It is truly amazing how many roles a project manager plays. From leadership to salesperson to technical manager, it really does take a full gamut of skills to complete a project on time and under budget. Following is a list of key skills for project managers to possess:
- Project management fundamentals. The “science” of project management, including scheduling, estimating, risk management, procurement, and communication strategies. If you don’t have this down, everything else will be a challenge. Many people are assigned the title of project manager, and their projects might generally go well, but those with the applicable training will weather the big storms and make the big decisions when they need to.
- Business savvy. Projects don’t exist in a vacuum. There is a sponsoring organization that thinks in terms of business, as oppose to project, concepts.
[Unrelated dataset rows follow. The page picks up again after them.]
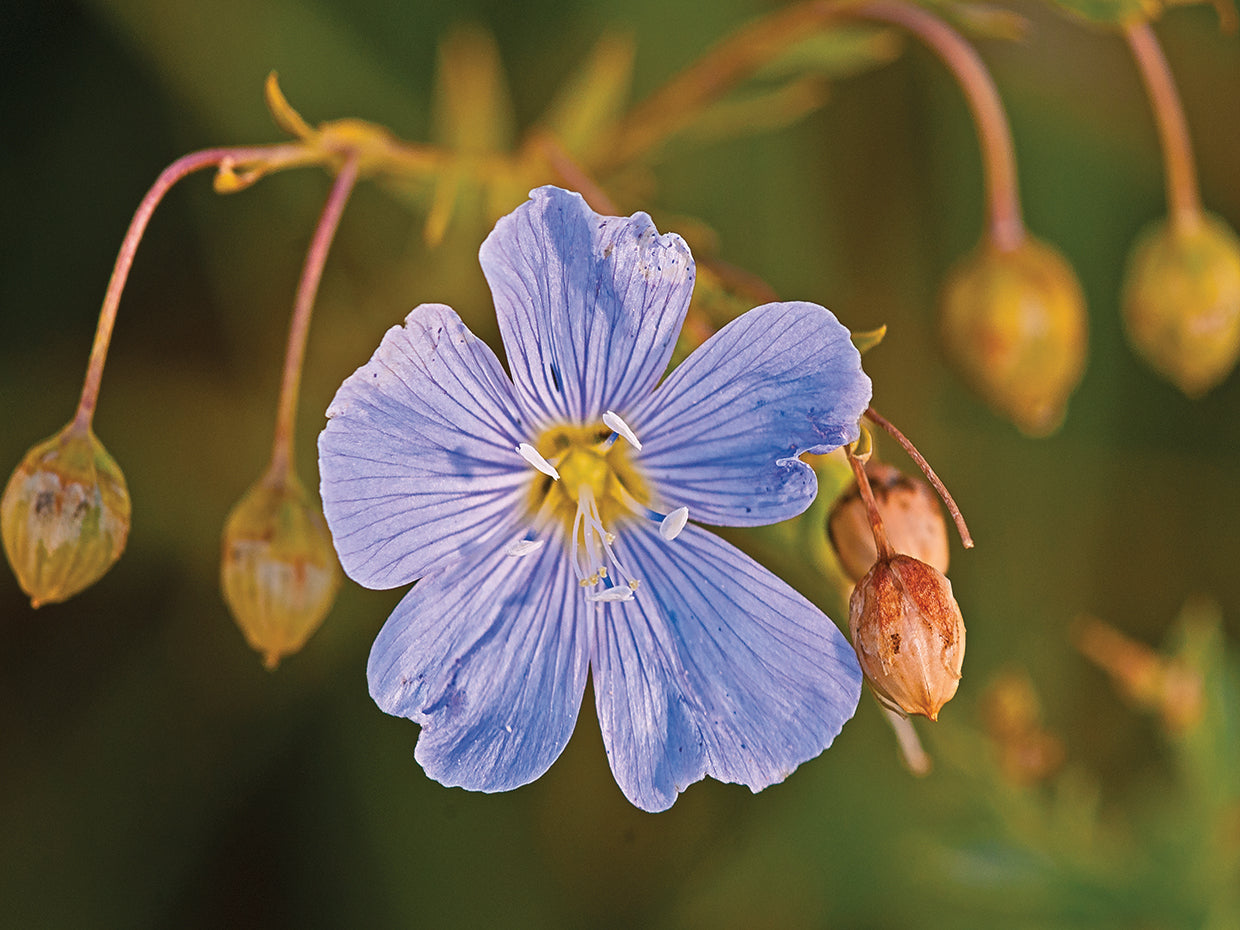 Purple Little Flower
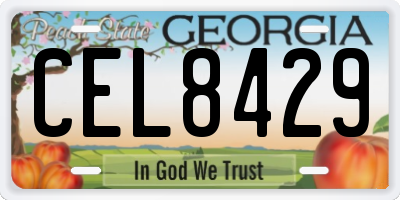 GA license plate CEL8429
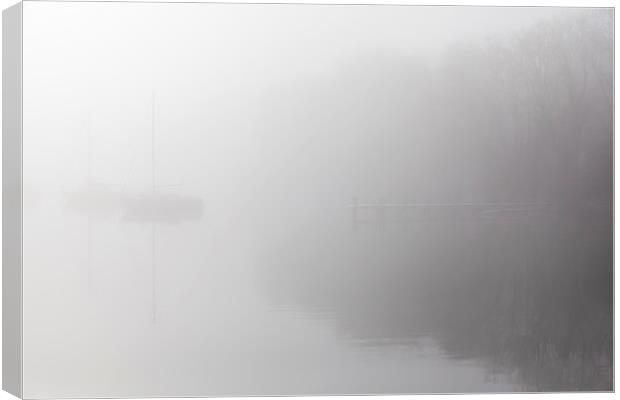 Misty Day Series - 22 of 23 Canvas Print by Gary Finnigan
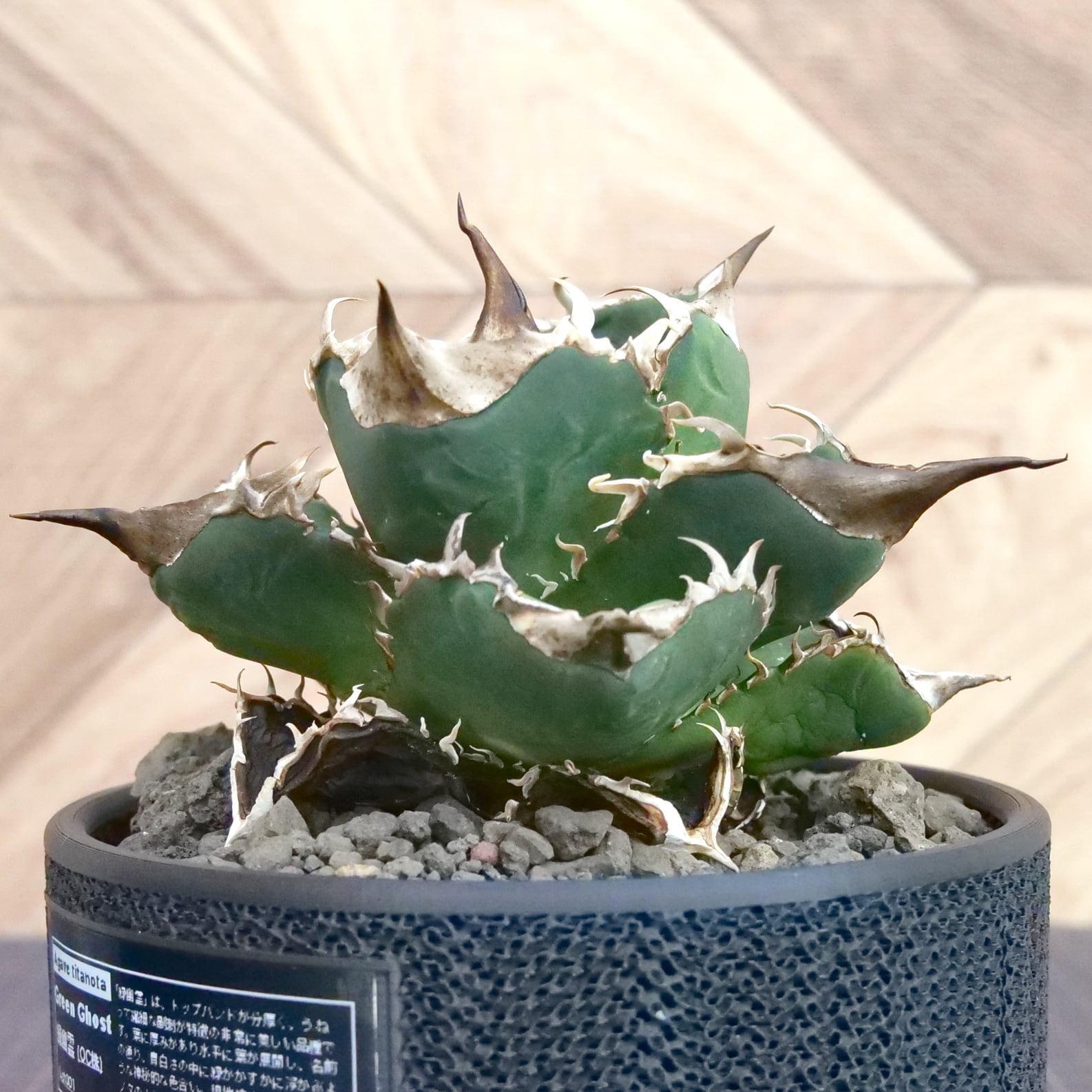 Agave Titanota 緑幽霊 (Green Ghost) アガベ チタノタ / 中株(4号鉢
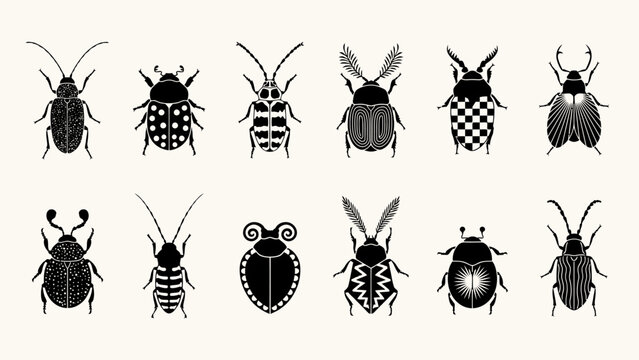 Collection of black and white beetle vector illustrations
The project manager must be well versed in things like net present value, accounting reports, and value calculation methods. Arguing the value of the project to an organization is often expected of a project manager.
- Technical know-how. Although we draw a distinction between the project manager and technical manager, some knowledge of the technical background required to complete the project is important to grasp by the project manager. For small projects, these two people might be the same. Indeed, trends suggest that most certified project managers are actually technical people with a project management background.
- Communication skills. There are external stakeholders whose expectations must be managed. There are project sponsors who need to know the progress, and project team members who need to work together. Communication is central to a successful project. That’s why part of the “science” of project management (see above, #1) is to develop a strong communication plan and stick to it.
- Leadership. Applying project management principles to managing a project is great, and I applaud you for getting that far. But truly leading a project team to success is the cream of the project management crop. The measure of a true leader is the number of people that follow them. Your project team members probably follow you because they needed the job (or whatever it was…). If you can turn them into enthusiatic participants who want to see the project succeed, you will do well. Fortunately, it is a myth that motivating people equals leadership. One of the most important aspects of leadership is built in to a project – that is, providing a vision of the end product that people can aspire to. For more on that, look up law #13 from John Maxwell’s classic 21 Irrefutable Laws of Leadership. While you’re at it, read the whole book.
Are you thinking there’s no chance you can possess all of these skills? Not to worry, I can assure you nobody does. In fact, I’ve seen million dollar projects (many of them, actually) that are managed by people who don’t possess many of these skills at all. If you choose your strengths and excel at them, while beholding your weaknesses, you will probably succeed.